Lauren deStefano came under particularly heavy attack after refusing. Her Tumblr inbox became so full of hate messages that she had to turn the Anonymous ask feature off.

“This entire experience is stressful, and ugly, and not something I signed up for,” said Stefano in response to one of the hate messages. She elaborated her response in a message to an apologetic fan. “I’m annoyed that Misha put me, and countless others, in this position. […] Some may be willing to participate, but some won’t, and I’m not going to let people berate and threaten me for falling into the latter category. He should have reached out and gotten a list of authors/actors/celebs/whatever who would be willing to participate and worked from there. […] Getting participants to consent, people. It’s important.”

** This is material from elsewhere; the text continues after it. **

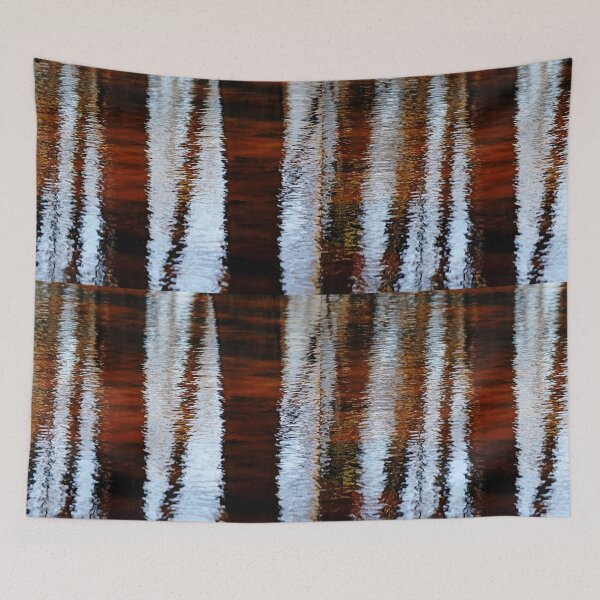 Item preview, Frazzled designed and sold by Debbie Oppermann.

deStefano later elaborated her opinions in a Facebook post.

Others found themselves forced to refuse requests, knowing the kind of hate response it could get. Neil Gaiman, John Scalzi, Wil Wheaton, N.K. Jemisin among other adult and young adult sci-fi authors posted on their social media accounts that they could not participate.

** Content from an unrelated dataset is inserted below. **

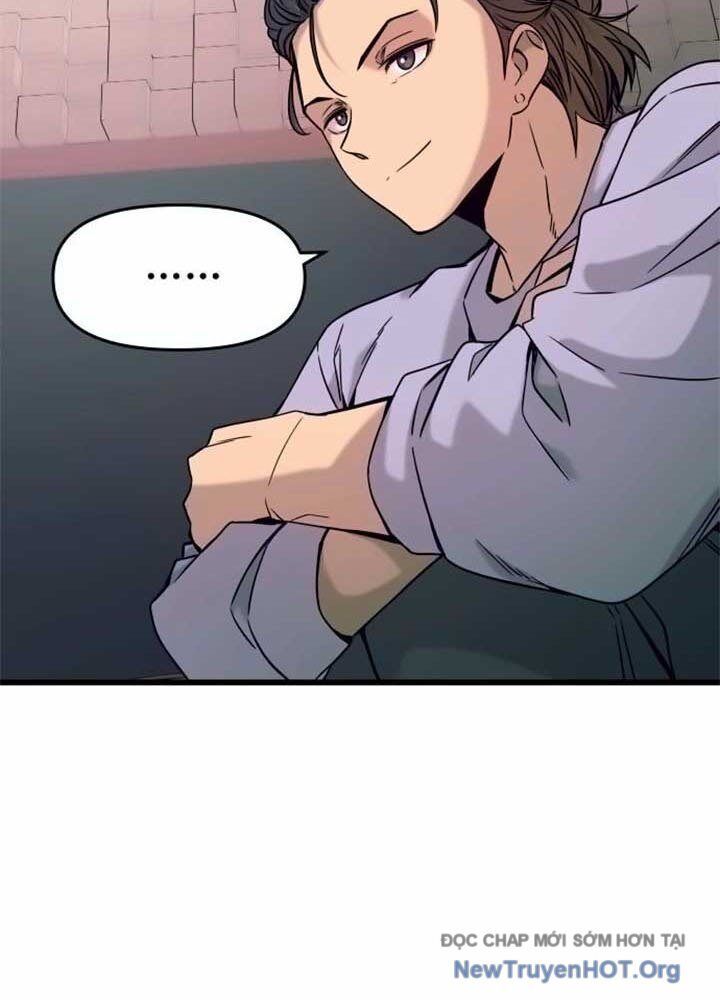 Bias Của Tôi Trên Chuyến Tàu Cuối Cùng: Chapter 16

Numerous authors  did participate in the story request. Maureen Johnson read her story to those who requested it at the end of fan convention LeakyCon, and Mindee Arnett posted her story on Tumblr.

Beth Revis posted a story on Tumblr and, still bogged down with demands for stories, announced that she would “delete all [future]requests unanswered” as she is in the middle of editing her new book The Body Electric.

Gishwhes, which raises money for the charity Random Acts, runs for another three days and is spearheaded by Supernatural actor Misha Collins. A full list of Gishwes scavenger hunt items was posted by Tumblr user almaasi. For more, visit the Gishwhes website.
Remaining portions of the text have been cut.